We have the Twenty-Fifth Amendment. Now is the time to use it.
It's past time for Trump to be removed from office. This is a global crisis. It's time for J.D. Vance and the Cabinet to invoke the Twenty-Fifth Amendment.
President Donald Trump must be removed from office.
He is manifestly unfit for office, and his continued presence in office is an existential danger to the United States of America and the world.
His Tuesday morning threat that “[a] whole civilization will die tonight,” is not the first unacceptable statement from this man — but it must be his last as president.
Vice President J.D. Vance has a moral, ethical, and constitutional obligation to invoke Section 4 of the Twenty-Fifth Amendment by securing the support from a majority of the cabinet to “immediately assume the powers and duties of the office as Acting President.”
This would be the first time that such a step has been taken, but it is needed and it is needed now.
Great complications would doubtless follow, as the amendment allows further pushback from Trump if, as expected, he would seek to hold on to power.

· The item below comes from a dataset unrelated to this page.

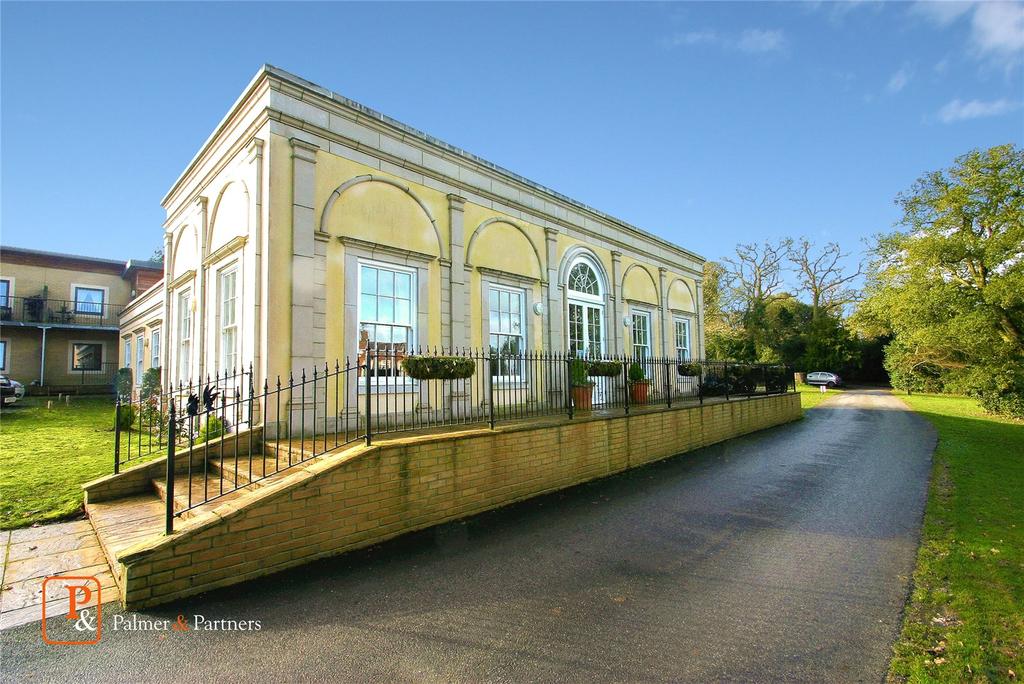 Abberton Grange, Layer Road, Abberton, Colchester, CO5 2 bed apartment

As I wrote when I covered the history of this amendment at BuzzFeed News back during Trump’s first administration:
The fourth section — never used in the 50 years since it was adopted — gives the vice president and cabinet the power to declare that the president is “unable to discharge the powers and duties of his office.” It is heavily weighted in favor of the president’s ability to serve, enabling the president to force a congressional vote on the issue — a vote that would take two-thirds of both houses of Congress to keep the president out of power. In short, it’s a complicated and rigorous process that would require many elected and appointed officials to agree the president was unfit.
As such, Vance, the cabinet, and Congress must be ready, and must react accordingly — taking the only step that their oaths of office would faithfully allow. If impeachment — which requires only a majority vote of the House — needs to follow this initial, immediate step, then Congress must follow in lock step.

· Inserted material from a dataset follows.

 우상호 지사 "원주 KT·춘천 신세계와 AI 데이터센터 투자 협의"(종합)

The presidency of Donald Trump — and the horrifying likelihood of what is to come if he is allowed to remain in office — must be stopped.
Now.
Any federal official who does not respond to Tuesday’s threat in a manner befitting their own constitutional obligations in light of Trump’s past actions will bear a part of the responsibility for what follows.
How we got here and what needs to happen
Donald Trump should have been impeached and removed from office on January 6, 2021, or in the days the followed. That would have stopped all of this.
In the absence of that, he should have been impeached and convicted once he left office, again, preventing all of this.
Had that failed, the Department of Justice in the Biden administration should have acted more quickly to prosecute Trump for his effort to overturn the 2020 presidential election — one of the most fundamental domestic failings a president could engage in. His conviction likely would have stopped this.
The Supreme Court should have, quite simply, gotten the case over the Insurrection Clause of the Fourteenth Amendment right, and Trump’s removal from the ballot should have been allowed.
The Supreme Court should have resolved the immunity case in a way that reflected what lower courts and most scholars believed: Trump, as a former president, could have — and should have — faced accountability for his lawless actions.
But, none of that turned out that way, and a majority voted for Trump in 2024.
An overwhelming majority, however, now disapproves of the way Trump is abusing his office.
The people understand that what Trump is doing is wrong. This is not only shown in polls. It also has been shown in special elections across the country, and it has been shown in the streets — as millions upon millions have gone out to protest this man who abuses this office for his own gain, often seemingly only out of vengeance, or even simply because he believes he can.
His domestic abuses of the nation and its people have included efforts to turn troops on the American public and his extremist immigration enforcement policies have led to the killings of Americans and others in our nation. His administration’s demeaning of Congress by ignoring the laws, including appropriations, that it had passed and the growing number of violated court orders show an abuse of the balance of powers. His global lawlessness — from boat-strike murders to kidnapping presidents to threatening to destroy a “whole civilization” — is without justification, continual, and getting worse by the day.
Trump may believe that he set a red line on Tuesday morning, but the red line is one that was set for those officials who can — and must — stop this.
Invoke the Twenty-Fifth Amendment now, for it could not be more clear that “the President is unable to discharge the powers and duties of his office.”







Trump is committing war crimes against Iran; he must be stopped immediately, and impeached NOW!
Chris, thank you for saying what so many are thinking. I’m wondering something. If such a proceeding were to start, is there something in the amendment that would stop Trump from firing the members of his cabinet who were involved?